== ASSIGNMENT ==
Without the pictures, retype exactly the lines from the top of the entries below through the line that contains "Hello everyone, if".
···
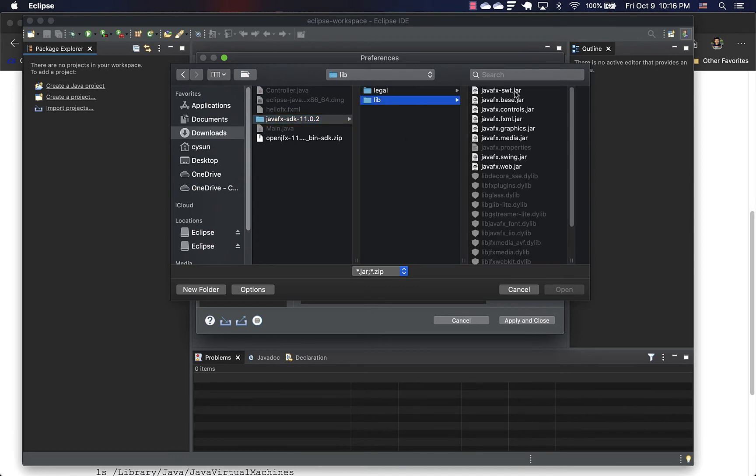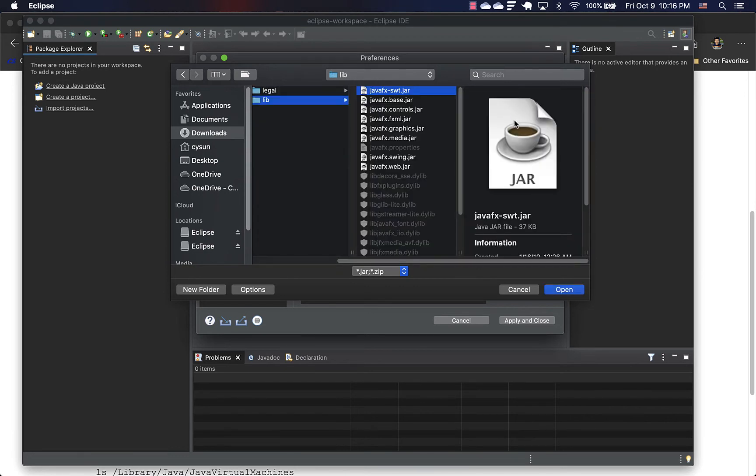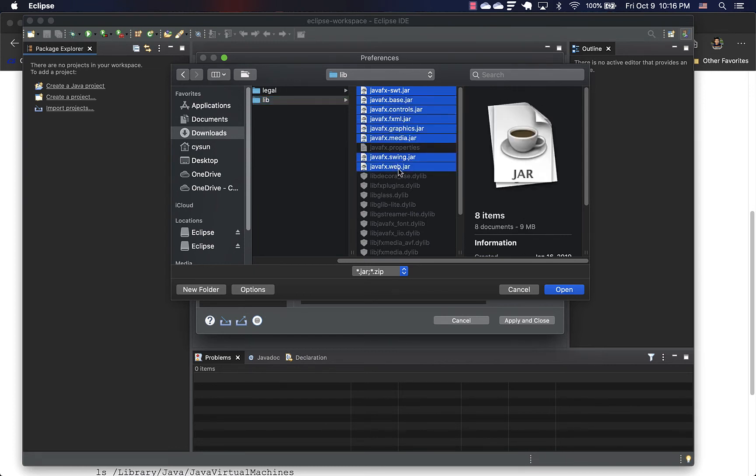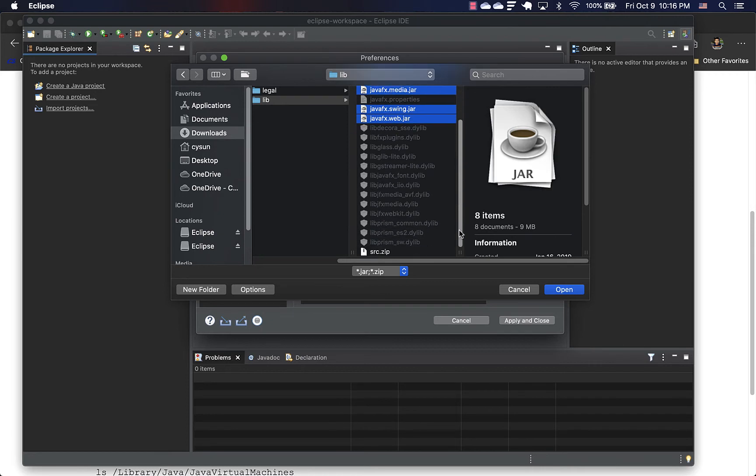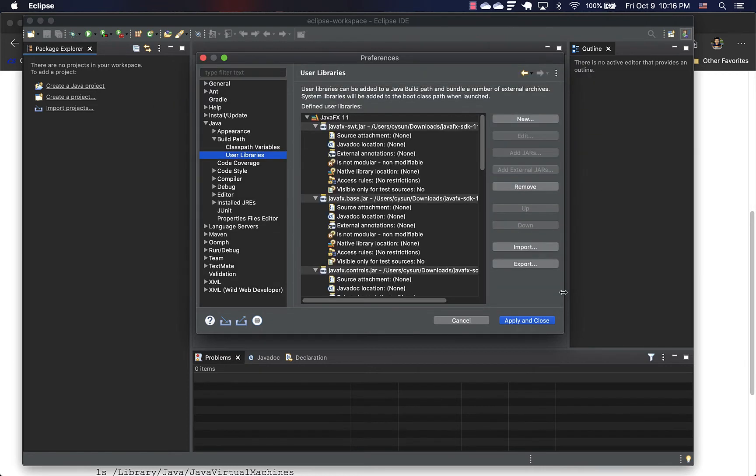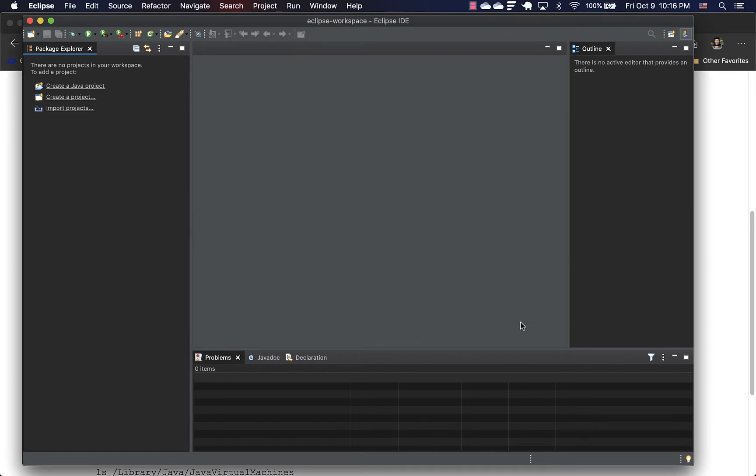Under lib, there are a bunch of jar files. Select all the jar files. Okay, that's all of them and open. So this will add all of those jar files to this user library. Click apply and close.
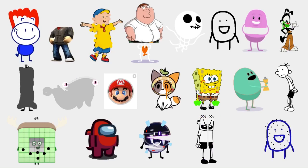Dumb ways to die, so many dumb ways to die. Be safe around trains, a message from Metro.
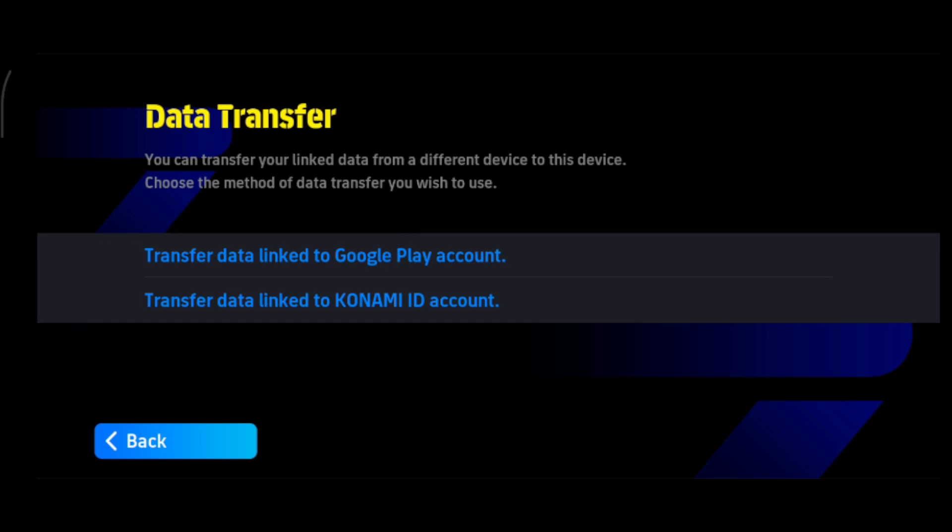Hello everyone, if you're looking for how to fix the 'cannot transfer data' error in Football 2026 mobile, this video will show you possible solutions that work for many users.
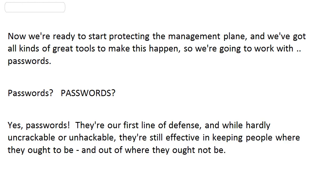Now that we're all ready to start protecting our management plane, we've got all kinds of great tools to make this happen, and the first thing we're going to work with in this section is passwords. You're already thinking, I don't want to worry about passwords, I already know those! But this isn't just going to be a quick review of the enable secret, enable password, and VTY password. The real reason I'm bringing them up here is that passwords really are the first line of defense. While any password you see here today is hardly uncrackable, they're still effective in keeping people where they ought to be and out of where they ought not to be.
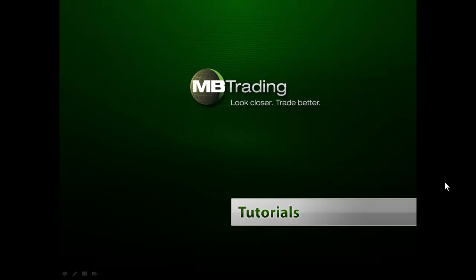Welcome to MB Trading's online tutorial series. This presentation covers features related to Forex trading with MB Trading.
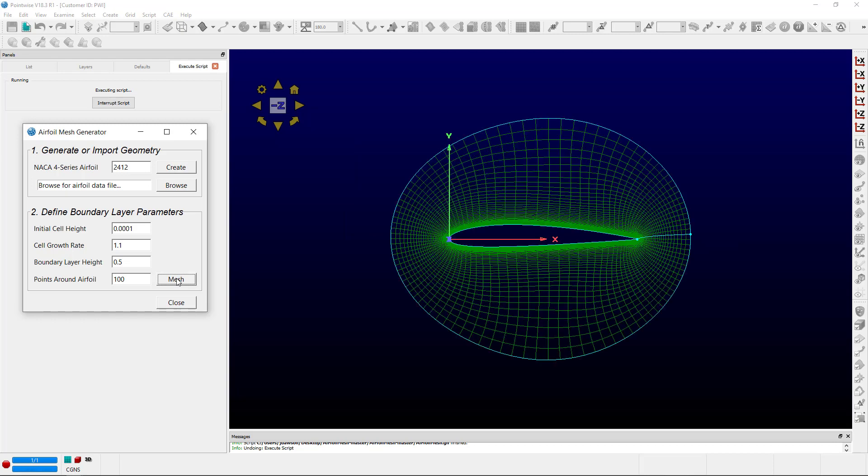This just demonstrates the power of Glyph being able to automate some of the workflow processes that you may have. This is a very simple demonstration, but any functionality within the GUI can be scripted. So you can imagine the options are limitless in terms of scripting any kind of workflow processes that might improve work efficiency.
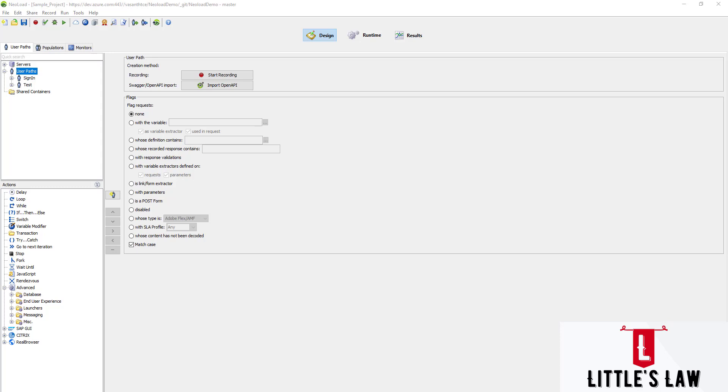First, let's see why we load test web applications. Load testing is necessary to test a website's vulnerability to crashing under load. Second, checking the response times under the predicted load and determining the number of simultaneous users supported by the application. And finally, to define the hardware and bandwidth requirements.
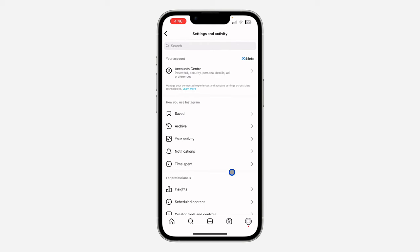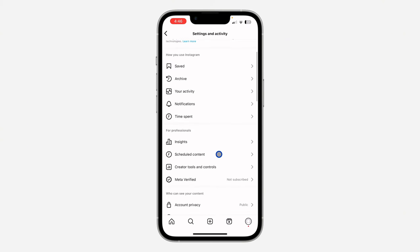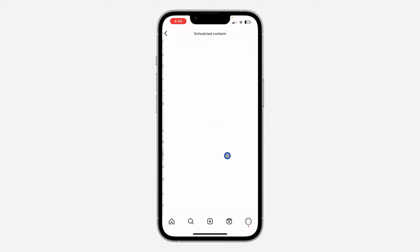Once you get to your settings, scroll down and click on 'Schedule Content.' Once you click on it, you are going to see the list of all the posts you have scheduled.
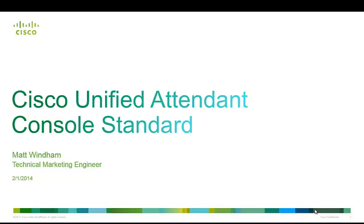My name is Matt Windham and I'm a technical marketing engineer for Cisco Unified Attendant Consoles. Today we're going to take a walk through a demonstration of Cisco Unified Attendant Console Standard.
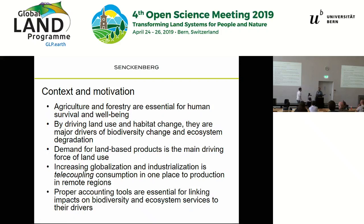Just to mention, there will be a number of sessions on this telecoupling concept here in the GLP meeting. What we want to look at is how we can establish these links between consumption and production impacts in terms of biodiversity.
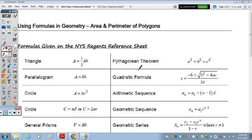Today we're going to look at formulas in geometry, specifically the area and perimeter of polygons.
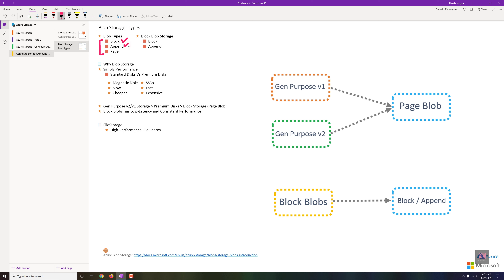The second blob type is Append Blob, which is used by Azure Virtual Machines to create logs. For example, when you create a VM, it generates serial logs or boot diagnostics logs showing whether the VM booted successfully. Append Blob only adds data — it does not replace, modify, or allow deletion. It just keeps appending information, specifically designed for VM-level logs.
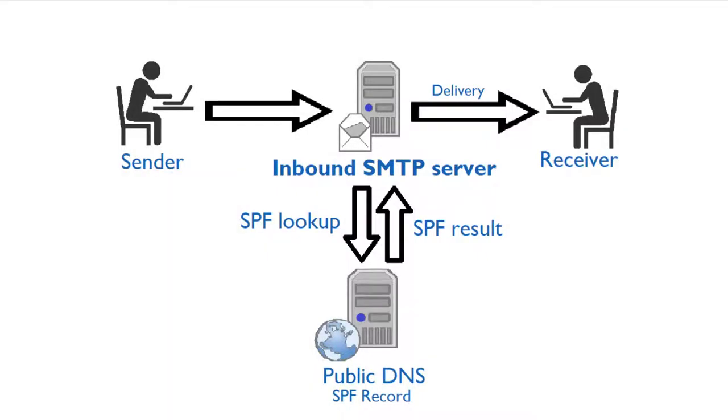An SPF record is a public DNS text entry that specifies the IP addresses that are allowed to send email on behalf of a particular domain. This is used by receiving email servers to validate whether the envelope sender IP address is authorized to send mails from that domain or not.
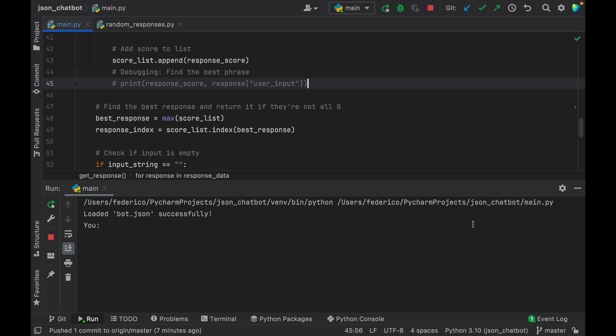In today's lesson we're going to be looking at how we can create an accurate chatbot system in Python, and we're going to be using JSON data for this one. In the past one we just used raw strings to process, but this time we're going to make it a bit more customizable through JSON. Let's get started immediately with an example of how the program is going to work.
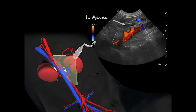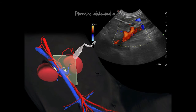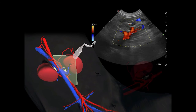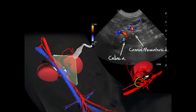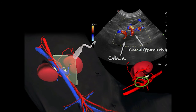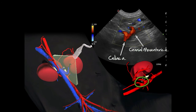The cranial lobe may also extend ventral to these arteries, as in this dog. Observe the small phrenicoabdominal vessel that runs along the ventral surface of the adrenal, as well as the celiac and cranial mesenteric arteries that branch off from the aorta close to where the adrenal is located.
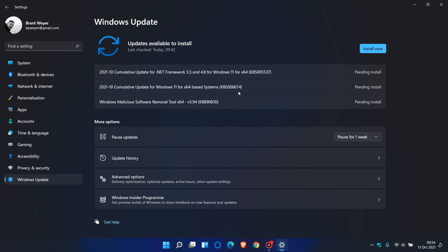And if you find yourself in a workflow and you don't want to be disturbed because it will require a restart, you can just pause the update, and then at a more convenient time, you can resume the update and finish that installation process of this latest update, KB5006674.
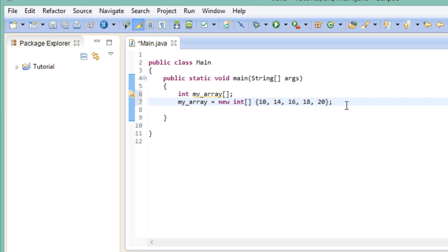Let's say we want to take the second element of our array and print out its value. So we want this value right here, 14. We would do it like this.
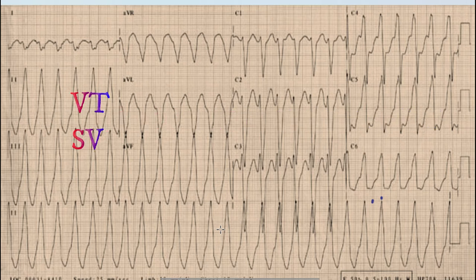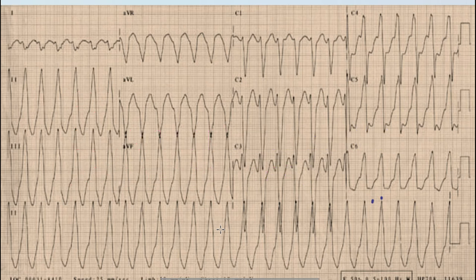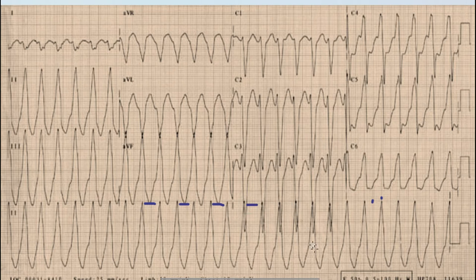A regular broad complex tachycardia means this could be ventricular tachycardia, supraventricular tachycardia with aberrancy, or antidromic SVT. When we look at the RR intervals, they are regular — so we can say this is a regular broad complex tachycardia.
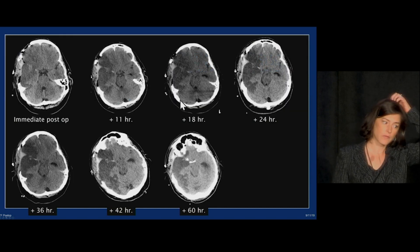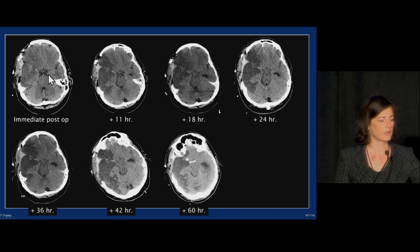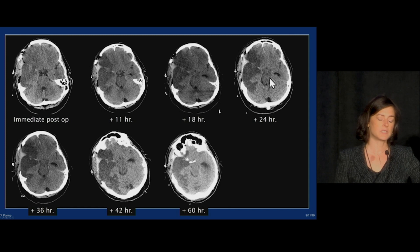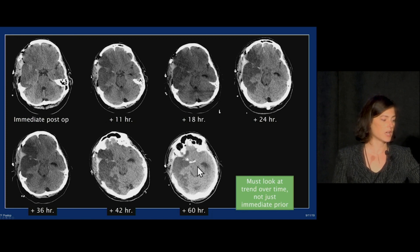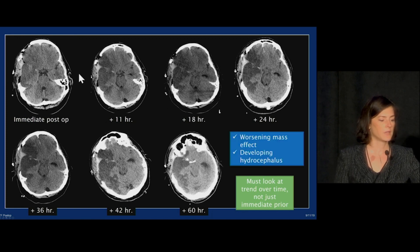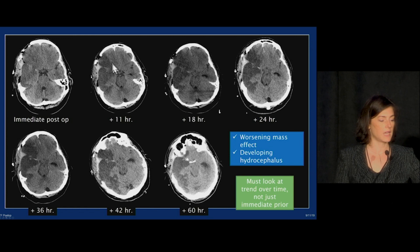As we look at this patient over time through multiple head CTs, notice the temporal horn of the left lateral ventricle on the contralateral side — it increased in size a little bit, then increased again, then again. If we made the mistake of only comparing to the most recent prior, we might not notice this progressive, inexorable, developing hydrocephalus. We must look at the trend over time and go back to an early study. Developing hydrocephalus, since we're mostly focusing on the area of infarct, is something we don't want to miss.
···
== RESPONSE TO THIS EXERCISE ==
Under lib, there are a bunch of jar files. Select all the jar files. Okay, that's all of them and open. So this will add all of those jar files to this user library. Click apply and close.
Dumb ways to die, so many dumb ways to die. Be safe around trains, a message from Metro.
Hello everyone, if you're looking for how to fix the 'cannot transfer data' error in Football 2026 mobile, this video will show you possible solutions that work for many users.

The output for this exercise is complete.